Deborah Fisher is the founding Executive Director of A Blade of Grass, and a strategic and philanthropic advisor to Shelley and Donald Rubin. She also currently serves on the board of the Center for Artistic Activism.
Fisher is a practicing artist and creative leader working to expand the roles art and artists play within communities. She has worked in many capacities at the intersection of art and civic life in New York City, including as studio manager at Socrates Sculpture Park, and as an educator and curriculum developer for the Brooklyn Center for the Urban Environment. She writes and lectures internationally about her own practice, arts funding, and socially engaged art, for Temporary Art Review, Americans for the Arts, Queens Museum, Hammer Museum, Otis College of Art and Design, Portland State University, and Center for Contemporary Art Tel Aviv. Fisher has also participated in a number of roundtables and planning sessions that seek to improve arts funding and understand the impact of and enrich discourse around socially engaged art, including the NYC Cultural Agenda; Arts and Impact Think Tank at Arts Research Center at UC Berkeley; Creative Change, an initiative of the Opportunity Agenda; and the Art and Social Justice Working Group initiative of the Vera List Center for Art and Politics at the New School.

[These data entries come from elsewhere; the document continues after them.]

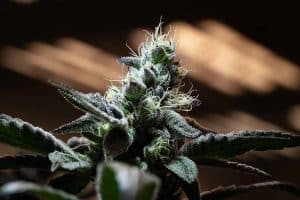 Optimizing Cannabis Cultivation: Advanced Insights and Growing Tips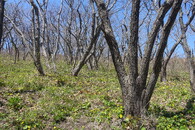 Pyrogenní pařezina nedaleko Vladivostoku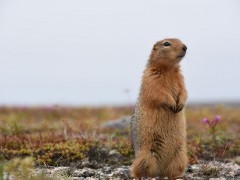 Sik sik in Hudson Bay, Canada.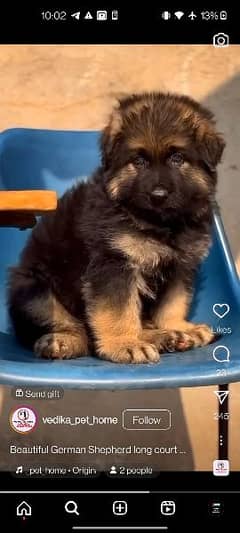 German Shepherd Pedigree Pups For Sale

Fisher’s art practice is largely organized around public sculpture and social projects, and is focused on how systems of value, waste, and meaning are created, both materially and socially. She has been commissioned for large-scale public sculptures by the Hudson Valley Center for Contemporary Art and Middlebury College’s Art in Public Places program. Her artwork has been featured in publications including Street Art NYC, Sculpture Magazine, The New York Times, New York Daily News, WNYC’s Morning Edition, and Weekend America.